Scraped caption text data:

# # # # #

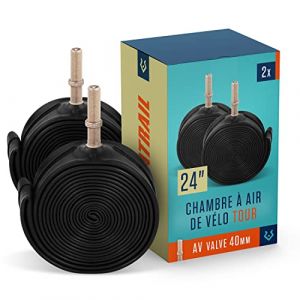 Alphatrail chambre a air velo 24 lot de 2 valve av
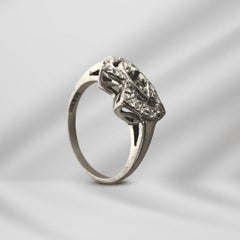 Größe:6 Niedlich 10K Weißgold zwei halbe Herz antiken Ring für Frauen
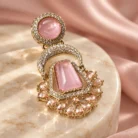 Pink Stone Pakistani Dangle Golden Earrings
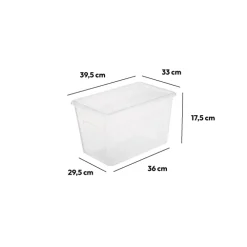 Boîte en plastique transparente 17,8L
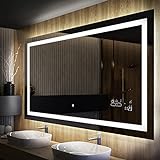 Badspiegel 120x70cm mit LED Beleuchtung - Wählen Sie Zubehör - Individuell Nach Maß - Beleuchtet...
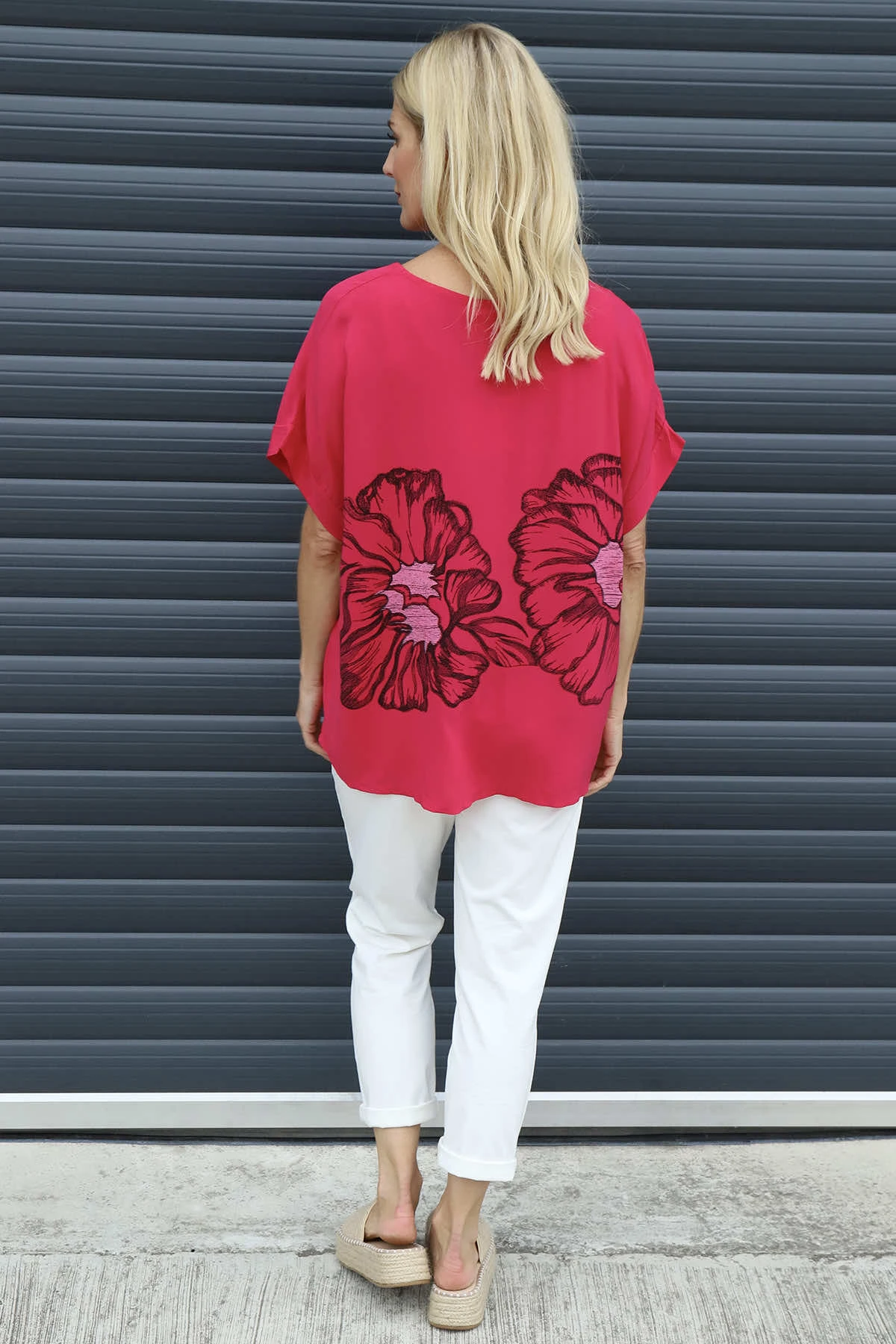 Agnetha Flower Top Hot Pink 6 Agnetha Flower Top Hot Pink - Image 4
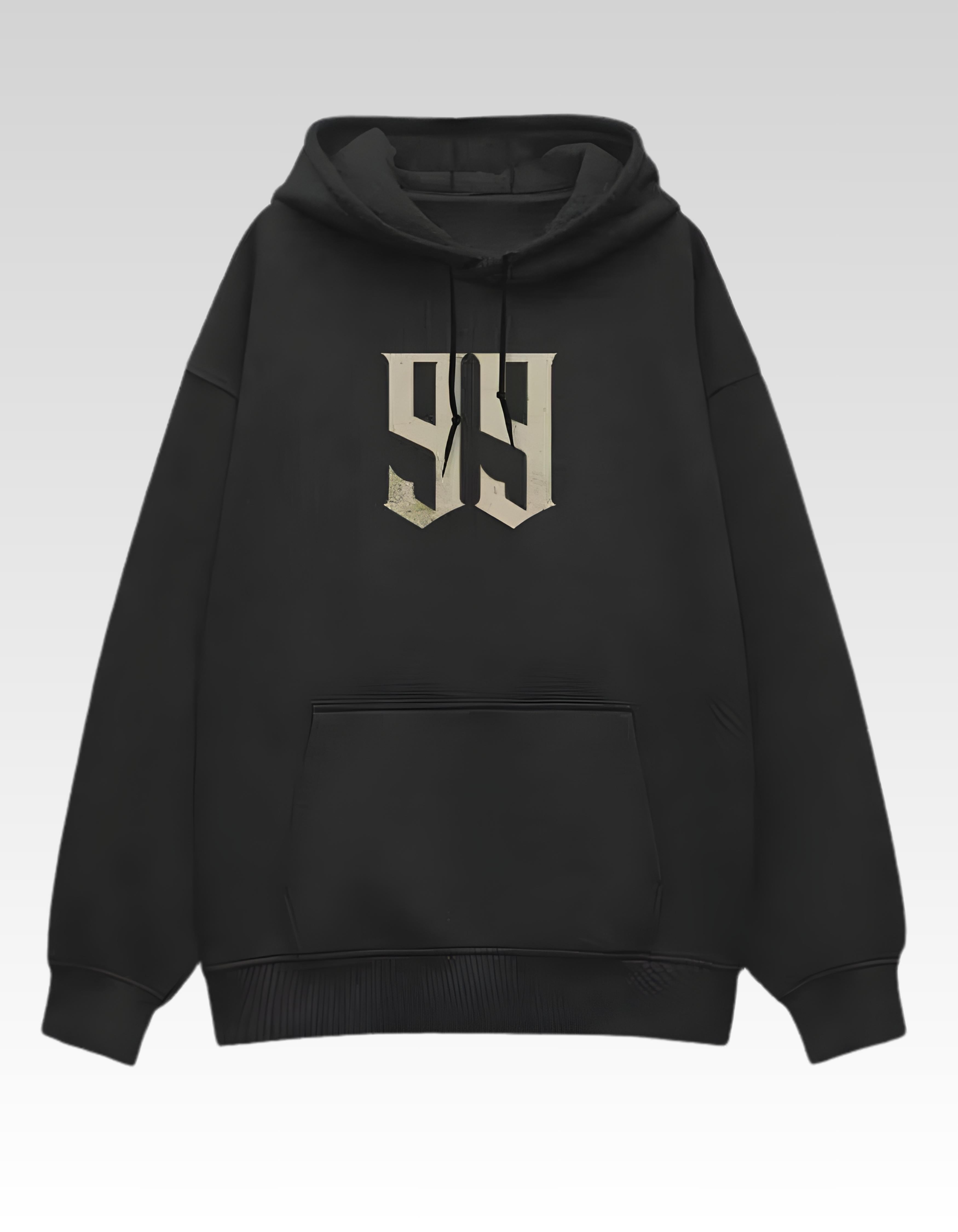 Black 99 Oversized Printed Hoodie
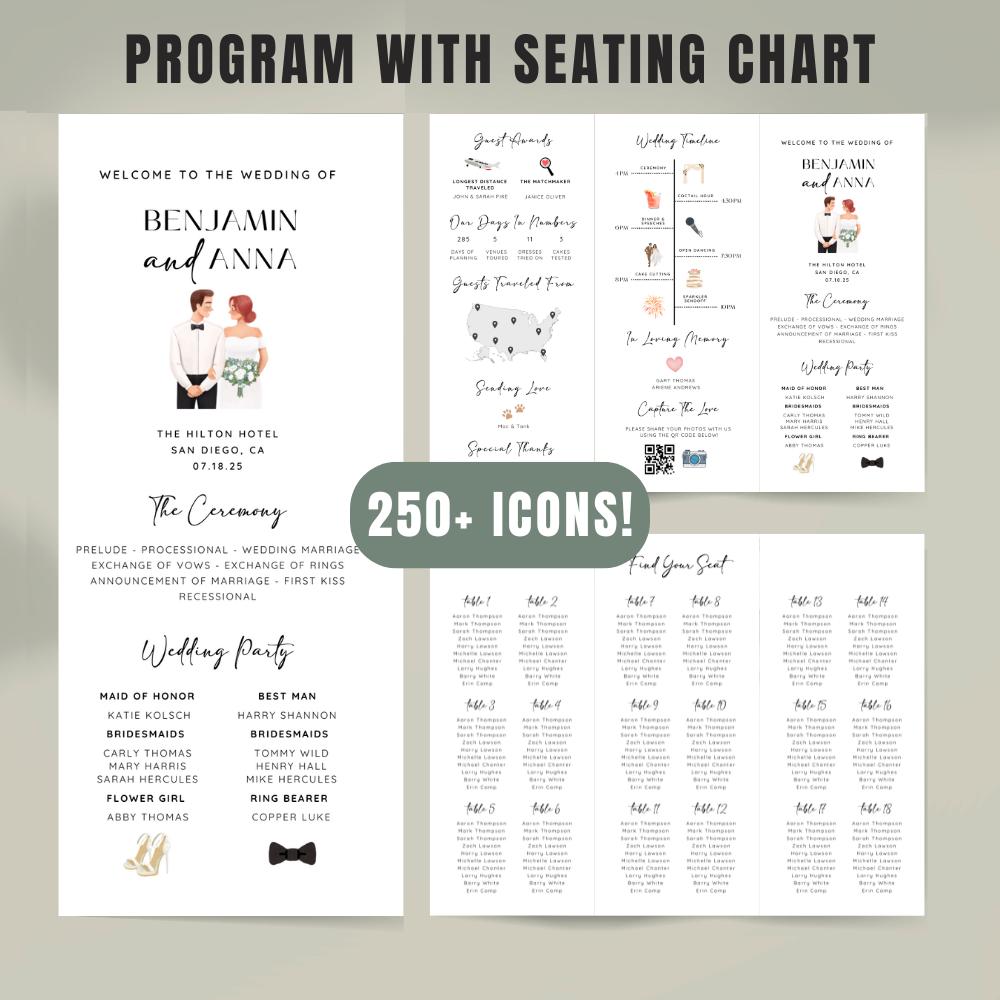 Trifold Wedding Program Template With Wedding Seating Chart Template Ceremony Program Wedding Day Timeline Wedding Itinerary Wedding Icons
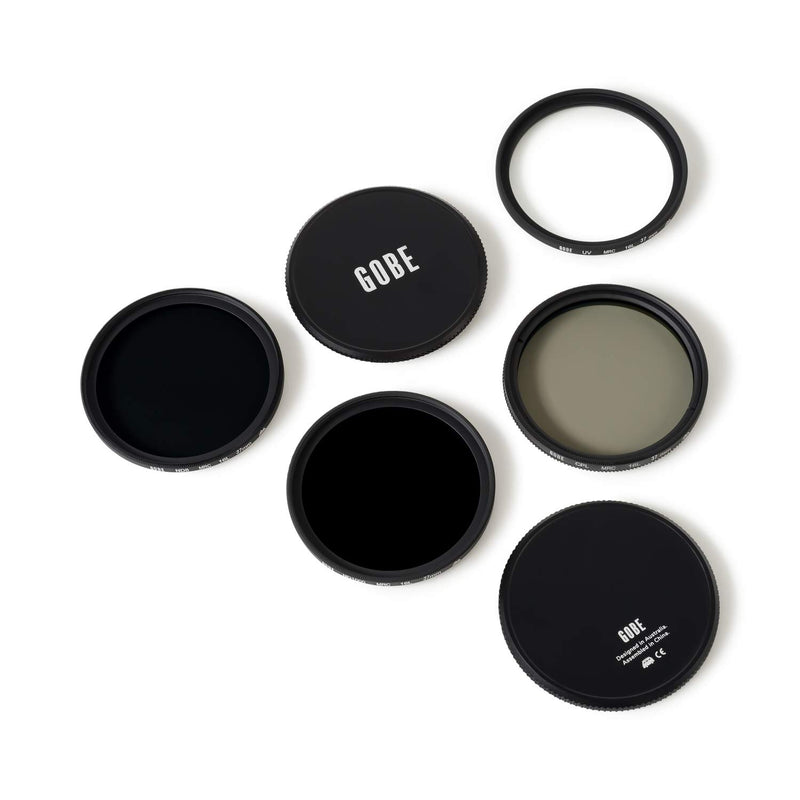 Gobe 37mm UV, Circular Polarizing (CPL), ND8, ND1000 Lens Filter Kit (2Peak)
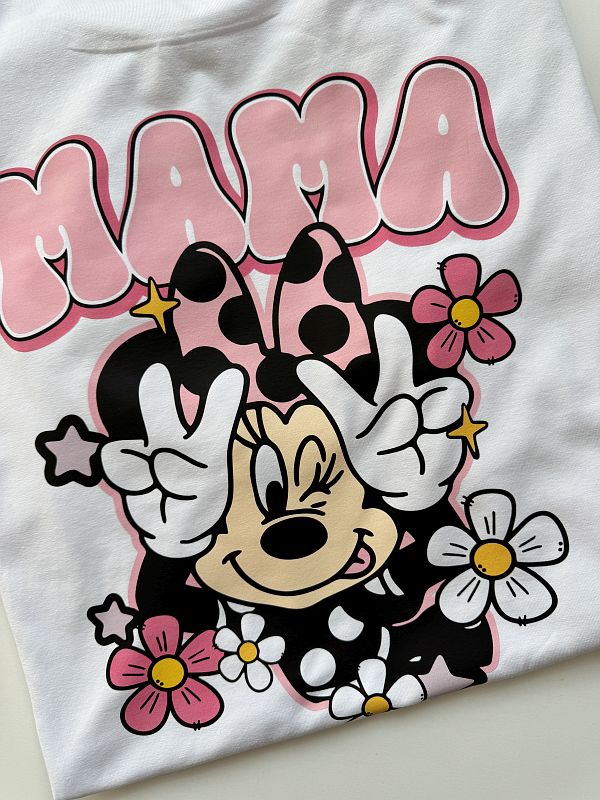 Koszulka damska biała myszka mini mama rozmiar Oversize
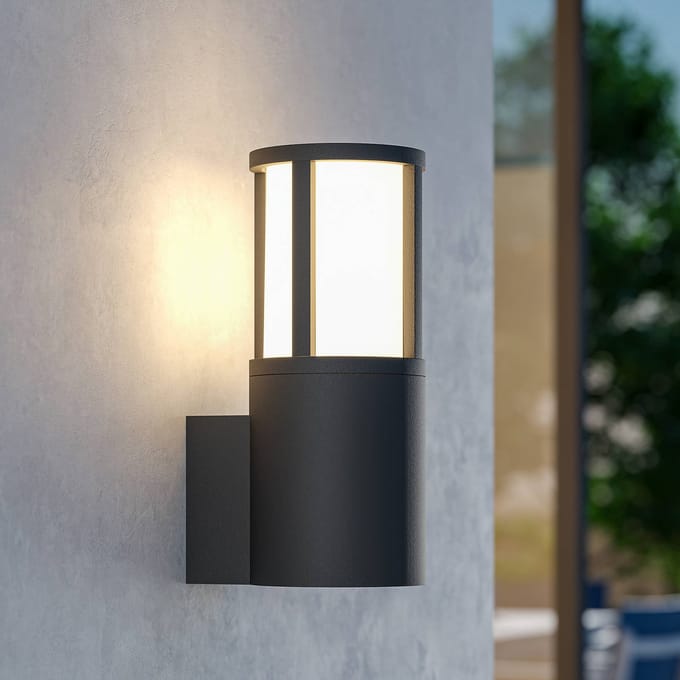 Deko-Light Facado II buitenwandlamp, grijs/opaal, Ø 11 cm, IP65, metaal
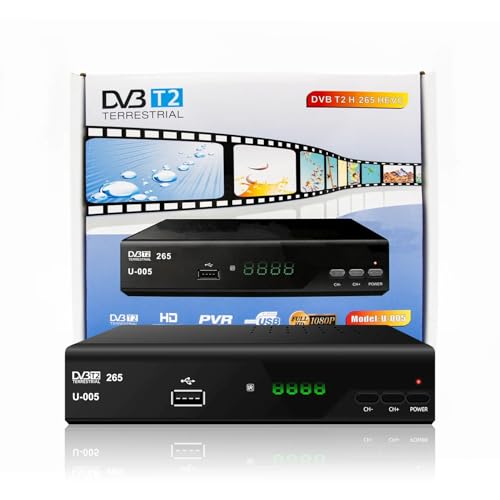 Decodificador TDT HD DVB-T2 H.265 HEVC, Full HD 1080P, PVR USB, Control Remoto 2 en 1, Negro, Modelo U-005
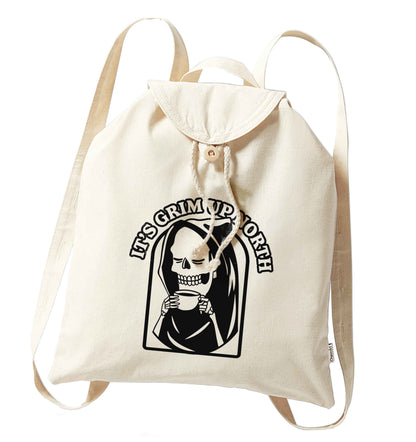It's grim up North organic cotton backpack tote with wooden buttons in natural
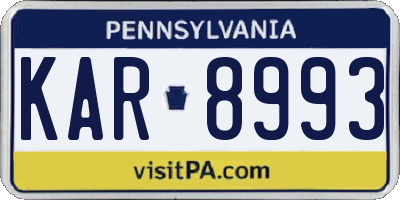 PA license plate KAR8993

# # # # #

Exercise aim
Nothing is needed beyond an exact transcription of the lines from the one containing "Trifold Wedding Program" to the end of the entries above, with the pictures omitted.

Output
 Trifold Wedding Program Template With Wedding Seating Chart Template Ceremony Program Wedding Day Timeline Wedding Itinerary Wedding Icons
 Gobe 37mm UV, Circular Polarizing (CPL), ND8, ND1000 Lens Filter Kit (2Peak)
 Koszulka damska biała myszka mini mama rozmiar Oversize
 Deko-Light Facado II buitenwandlamp, grijs/opaal, Ø 11 cm, IP65, metaal
 Decodificador TDT HD DVB-T2 H.265 HEVC, Full HD 1080P, PVR USB, Control Remoto 2 en 1, Negro, Modelo U-005
It's grim up North organic cotton backpack tote with wooden buttons in natural
 PA license plate KAR8993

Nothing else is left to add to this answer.